Ceci pourrait alors pousser la production agricole à la baisse, alors que le PIB agricole a déjà subi une diminution de près de 25,68 % en glissement annuel, passant de 1,9 milliard de USD en 2019 à 1,4 milliard de USD en 2020, selon les chiffres présentés par le CREAL. Or, si la baisse de production se poursuit, cette situation sera également désastreuse pour le consommateur qui n’aura plus d’autre moyen que de se tourner vers des produits importés.

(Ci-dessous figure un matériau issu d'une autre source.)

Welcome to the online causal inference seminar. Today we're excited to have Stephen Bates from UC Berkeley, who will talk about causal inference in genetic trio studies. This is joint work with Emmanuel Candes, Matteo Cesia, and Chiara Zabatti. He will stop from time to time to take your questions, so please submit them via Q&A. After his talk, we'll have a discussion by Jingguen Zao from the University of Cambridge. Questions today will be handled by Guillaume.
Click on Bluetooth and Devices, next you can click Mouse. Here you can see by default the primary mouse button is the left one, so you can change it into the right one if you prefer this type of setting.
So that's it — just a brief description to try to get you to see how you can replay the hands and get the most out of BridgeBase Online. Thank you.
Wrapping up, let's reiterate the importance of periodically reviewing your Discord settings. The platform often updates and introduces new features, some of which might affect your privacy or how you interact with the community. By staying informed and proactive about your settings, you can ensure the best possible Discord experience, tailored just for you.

En 2020, le Liban n’a exporté – officiellement, selon les douanes libanaises (chiffres devant être revus à la hausse) – que 421 924 tonnes de produits végétaux, d’une valeur de 242,47 millions de dollars, alors qu’il en a importé 1,88 million de tonnes, soit d’une valeur de 796,87 millions de dollars. En considérant ces chiffres, le Liban importe donc plus de trois fois le volume de ses exportations. Or une baisse de sa production impliquera également la nécessité d’importer plus pour compenser. Mais l’absence ou la difficulté à trouver des devises compliquera la tâche.

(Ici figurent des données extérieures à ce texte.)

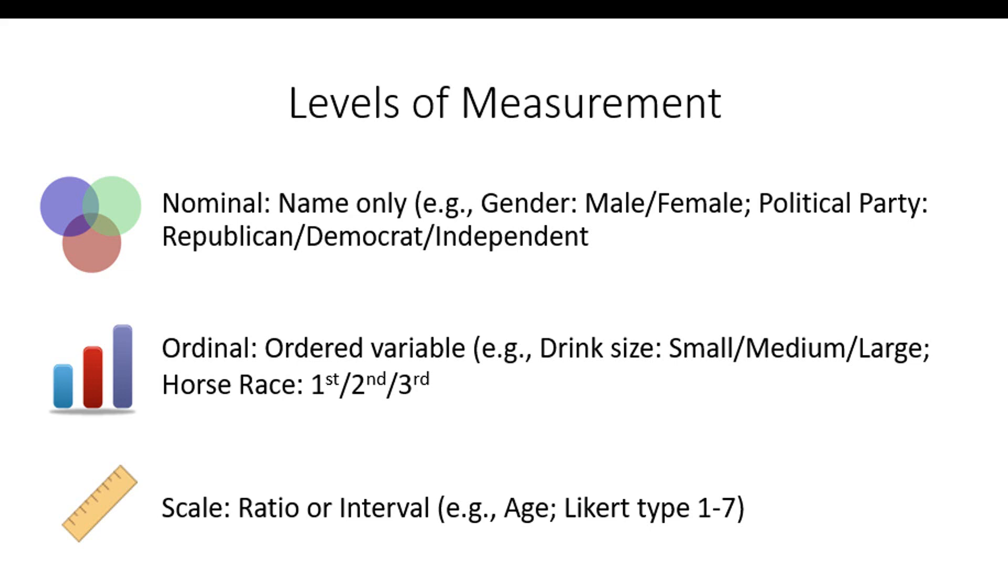Scale variables, we consider to be ratio or interval. That is equal intervals between the different points. So someone between ages two and three have the same amount or distance in days than someone between thirty and thirty-one. And typically, like Likert type items, one to five or one to seven are also considered scale.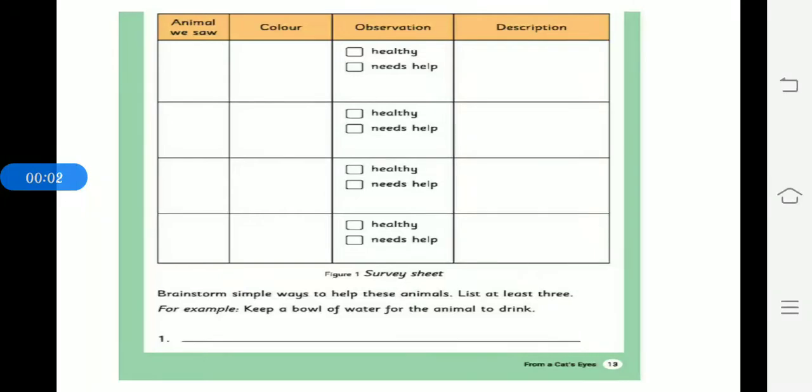Welcome back. We have completed lesson 1 and we are at the end of the lesson. The last is your project. You have to see here it is given observe your school and its surroundings.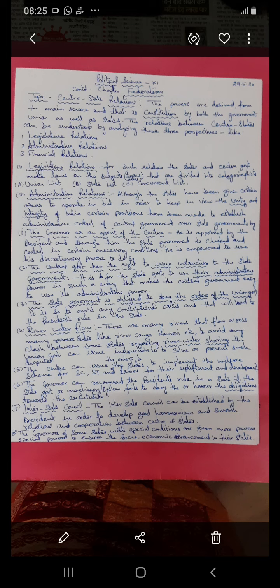The third list is the Concurrent List — subjects that are of both national and state importance, so it is common to both. Moving to the second perspective, administrative relations are mainly related to the implementation of laws, running smooth functioning of the state, and implementing policies framed by the government from time to time.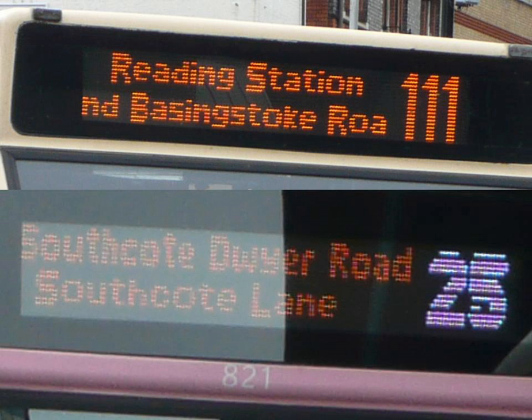The direct view bistable storage tube CRT retains static information displayed upon it, written using a steerable electron beam that can be turned off. In principle the DVBST is similar to an etch-a-sketch, and was used in vector displays of early computers and in oscilloscopes.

Levée ou non de l’interdiction

« Les véritables effets de la décision ne se matérialiseront que d’ici à un an, car les saisons de tous les semis (la période d’ensemencement, NDLR) seront passées d’ici là », nuance pour sa part un exportateur de fruits et de légumes sous le couvert de l’anonymat. « Fin avril, la plupart des agriculteurs avaient déjà terminé les semis pour la nouvelle saison. Ils ne peuvent donc pas prendre la décision de modifier ou non les variétés plantées, ainsi que leurs quantités, avant que cette saison ne s’achève », développe-t-il.

L’exportateur précise également que plusieurs agriculteurs espèrent que l’Arabie saoudite finisse par revenir sur sa décision dans quelques mois et ne souhaitent donc pas diminuer leurs prix car « ils vont vendre à perte sur le marché local (spécialement en raison de la dépréciation de la livre et de l’inflation vertigineuse), les poussant alors à sortir du marché ». Il considère enfin que les « agriculteurs qui ne produisent qu’une seule variété de fruits ou de légumes connaîtront des répercussions plus violentes que leurs confrères. Les autres s’adapteront en se tournant vers d’autres marchés et/ou modes de transport si Riyad ne revient pas sur sa décision ».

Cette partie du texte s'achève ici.